# Visual Basic > Visual Basic FAQs >  VB.NET[arrays] How to make/use Associative Arrays

## Kaiser Sousse

Arrays can be quite useful for a variety of tasks, but occasionally there will be times when you can't reference them numerically or with pre-defined constant values.

For instance, say you have an app that references a database to display a catalog of items to buy (the "display" element of a shopping cart).  The items are taken from multiple tables which eliminates the chance of using simple numeric arrays because there may be conflicting primary keys to use as the index when the items are gathered together.  They do however all have unique product codes (alhpa-numeric values).

Since you wouldn't want to overload the database by tracking on-the-fly cart status for each order as it was built for each customer, it would be better to build and update the "tally" element of the shopping cart in memory.

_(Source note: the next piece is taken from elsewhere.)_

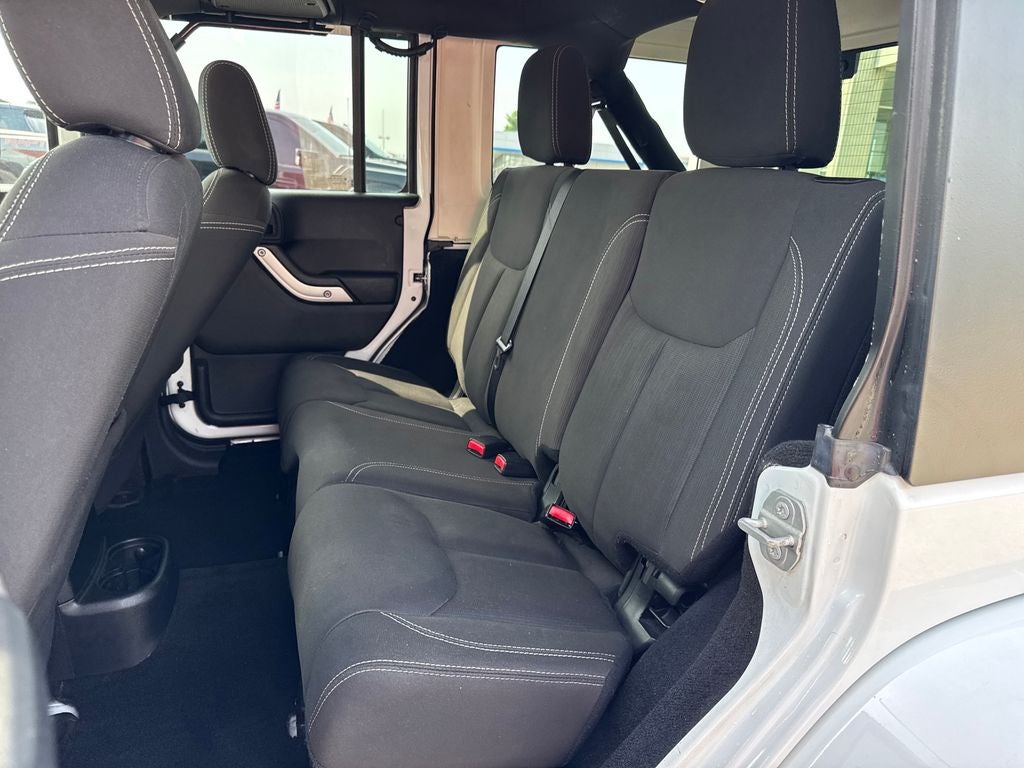2016 Jeep Wrangler Unlimited Sahara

You can do this each time the "tally" needs to be displayed or updated (say if quantities are changed or items deleted) by storing the product code for each item that the customer has selected as the key and the quantity for that item as the value.  If the customer subsequently adds an item that is already in the cart, the quantity is augmented, if an item doesn't currently exist, a new element is created, if a quantity is changed to zero, that element essentially goes away (the element would technically still be there, with a value of zero, but if your code only displayed and totalled items with quantities of one or more, it would appear deleted).

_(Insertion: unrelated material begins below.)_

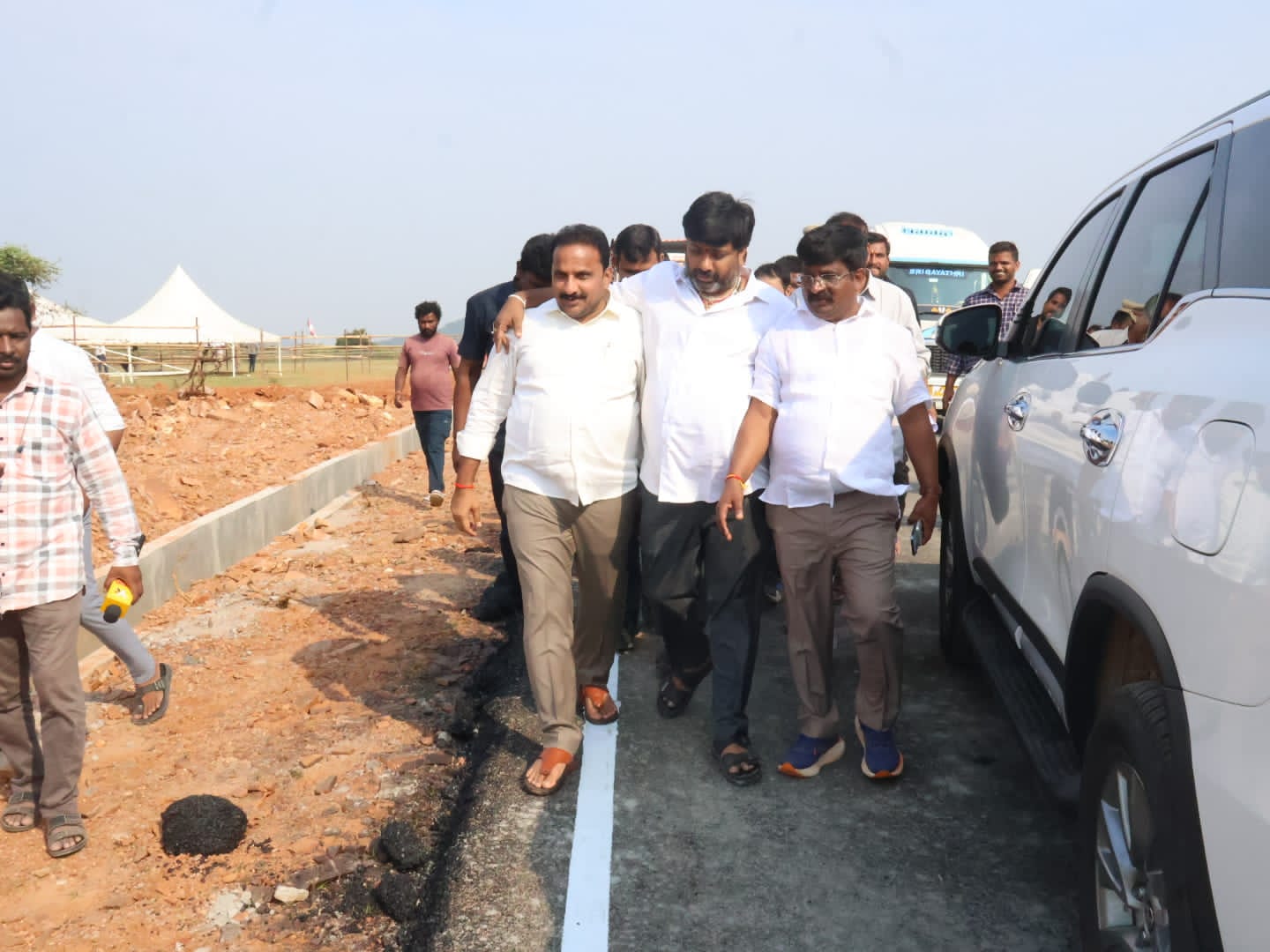 చంద్రబాబు పర్యటన ఏర్పాట్లు పరిశీలించిన ప్రజా ప్రతినిధులు 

In VB.NET, there is no associative array (per se), but there are dictionaries that perform in a near-identical manner... some refer to this as a hash-table, although a dictionary (being a derivative of a hash-table) has less memory overhead (hash-tables are always objects... dictionaries can be defined as most anything)

here are a few sample code snippets to show the syntax (these are not meant to work by themselves... alot of additional code would be necessary to do anything useful): 

*
'create a dictionary object (associative array)

Dim StoreItem As New Dictionary(Of String , Integer )


'create quantities (this would happen as the user added to the cart)

StoreItem.Add("CS2a", 6)
StoreItem.Add("DD72b12", 3)
StoreItem.Add("21AG4", 1)
etc...

'reading is just as easy (although you probably wouldn't use a msgbox   )
MsgBox(StoreItem("DD72b12"))
*

NOTE:  By using a combination of multi-dimensioned arrays/dictionaries and looping structures, there is a virtually limitless amount as to what you may use this for...  hierarchies of states, regions, cities, zips; or perhaps defining structures of departments and/or personnel; schedules available vs. filled, etc, etc...

I recently had a client ask me to build a fairly complex scheduling app that allowed them to define events, the dates they would fall on, times (shifts) that required staffing, and the maximum number of volunteers needed for each available shift.  I had to build a calendar-like scheduler and provided a multitude of reporting and tracking capabilities.  After a fairly extensive analysis of the problem, I wound up crafting a solution using nothing but associative arrays and it wound up being quite fast and eliminated a considerable amount of technical issues I would otherwise have had to deal with.  Since deployment, maintenance has been a breeze as the logic is painfully simple.

.

----------